The Ice Follies of 1939 is a skating movie supported by a very slight story that is beneath the talents of its two iconic (non-skating) stars.
Joan Crawford and a youthful looking Jimmy Stewart in Ice Follies of 1939.
So apparently not every movie released in 1939, generally accepted as the pinnacle year of the Golden Age of Hollywood, was a winner. As Eric pointed out, this was obviously an attempt by MGM to cash in on the success of 20th Century Fox's Sonja Henie movies. It's just too bad that despite a big budget, a couple of big name stars and with the power of Leo behind it, it still feels like such a half-assed attempt.

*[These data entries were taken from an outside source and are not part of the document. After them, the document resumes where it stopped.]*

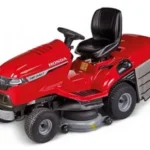 Tondeuse autoportée HONDA HF 2417 HBE K5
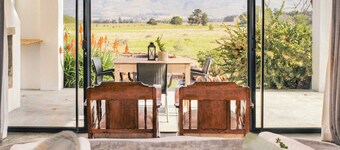 Duikersdrift Winelands Country Escape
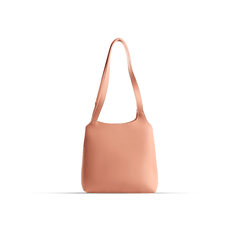 SHIRLEY PINK - Bag X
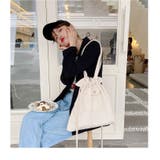 トートバッグ レディース バッグ | PlusNao | 詳細画像3 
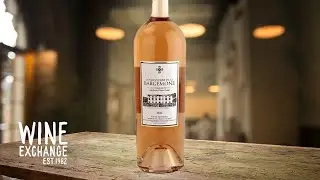 Magnums of World-Class Rosé for How Much?!
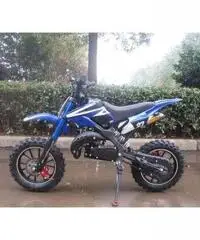 Cross mini Quad 2016 Ita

One of the biggest problems is simply that the stars are never shown skating. There's a running joke that Crawford is a lousy skater, but Stewart is supposed to be quite good. However, once he gets the follies up and running, we only ever see him directing and producing, with no explanation as to why he's stopped skating.
I disagree that Crawford was ugly. However, she does look much older than her 34 years. Stewart was only 3 years younger than her, but at times the age difference looks closer to 10. Near the end of the movie there's a joke where Crawford's character complains that her closeup was cut, but perhaps this was done intentionally to prevent audiences seeing her so closeup in her first color appearance. Patrick, you say that to audiences of the period it must have been a laugh to see such a star hired as a contract player, but the real irony is that no studio would have hired an aspiring actress who looked as old as she did for anything other than character work. I do agree though, that she does good work with mediocre material, and I too would single out the drunk scene as worth mentioning.
Although I'm not a big fan of figure skating, the final color number does look good. The ice was covered by an inch of water and this created the mirror effect that looks so impressive on screen. However, the finale is lacking that one impressive stunt that it really needed to go out with a bang. Anne H. Leitch, the lead female skater in these scenes, actually just passed away in March of 2011 at the grand old age of 94.
This is the kind of movie that could only be produced under the studio system. It's hard to imagine any other way two such big name stars would ever agree to appear in such a dubious production.
By definition, follies can mean either a theatrical revue or more than one foolish act. It's difficult to decide which definition is more apt in regards to this movie.